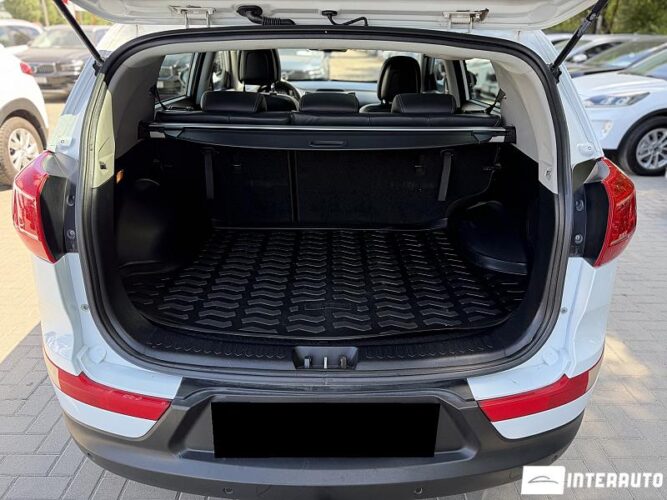 kia Sportage 2013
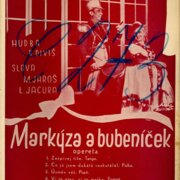 Markýza a bubeníček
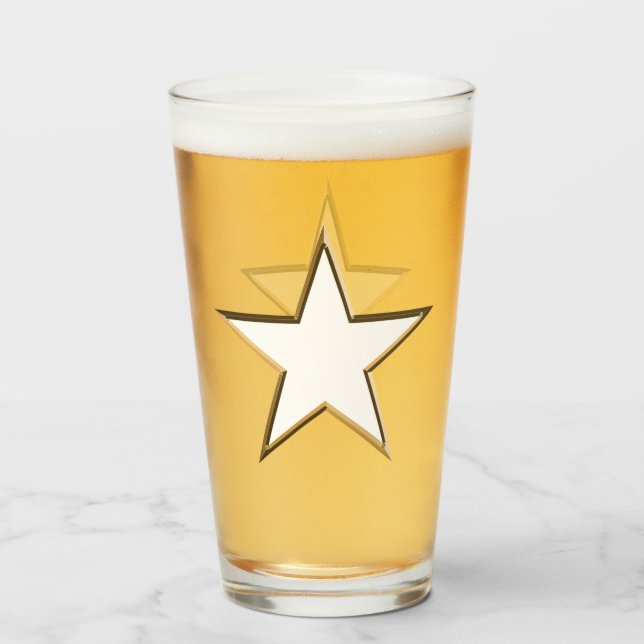 Amerikanische Unabhängigkeitstag Goldmedaille patr Glas (Rückseite (gefüllt))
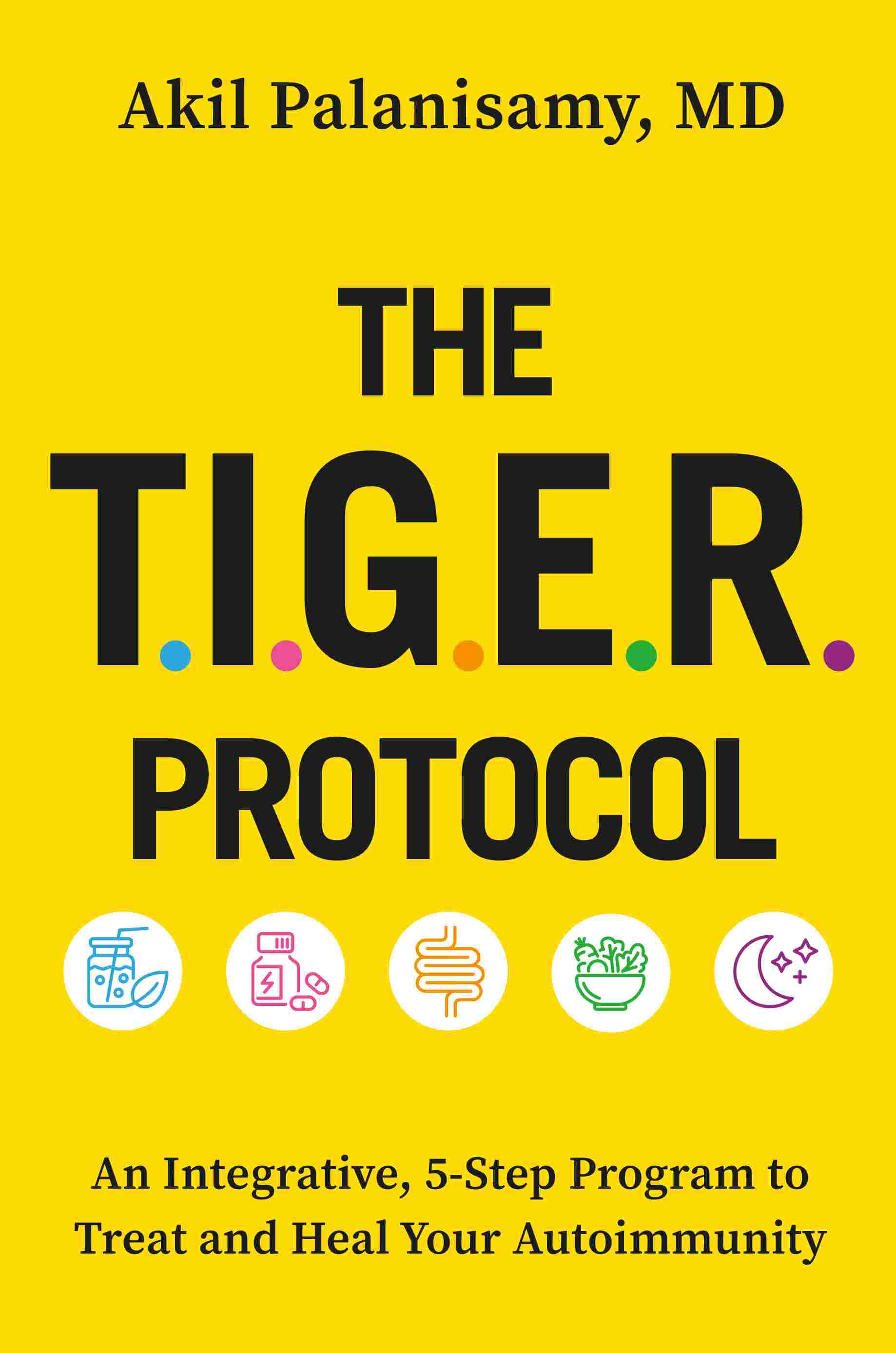 The T.I.G.E.R. Protocol By Dr. Akil Palanisamy - Image 3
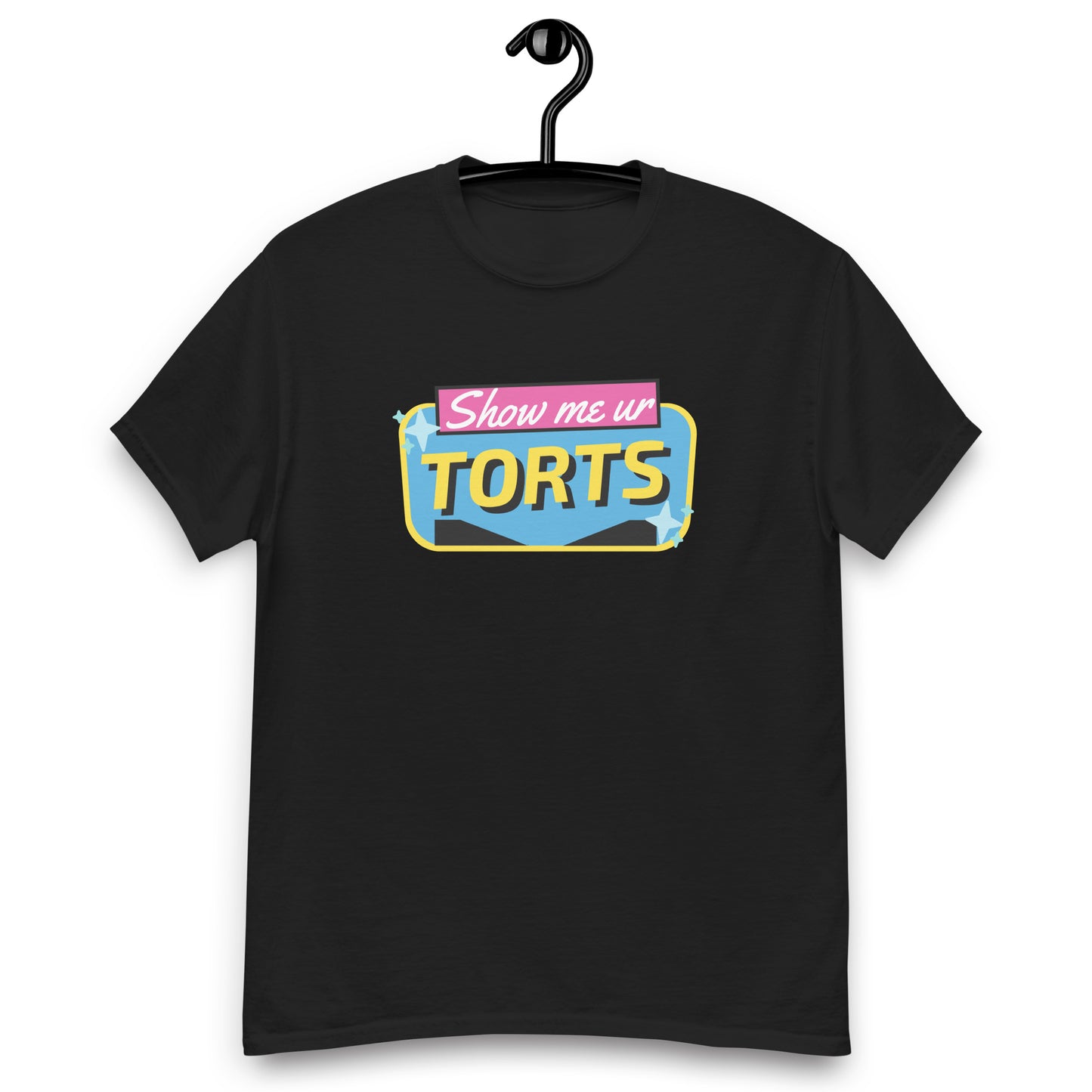 Show Me Your Torts Tee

++++++++++++++++++++

§ Your instructions:
Could you print the data exactly as it appears and keep the pictures out?

§ Exercise solution:
 kia Sportage 2013
 Markýza a bubeníček
 Amerikanische Unabhängigkeitstag Goldmedaille patr Glas (Rückseite (gefüllt))
 The T.I.G.E.R. Protocol By Dr. Akil Palanisamy - Image 3
 Show Me Your Torts Tee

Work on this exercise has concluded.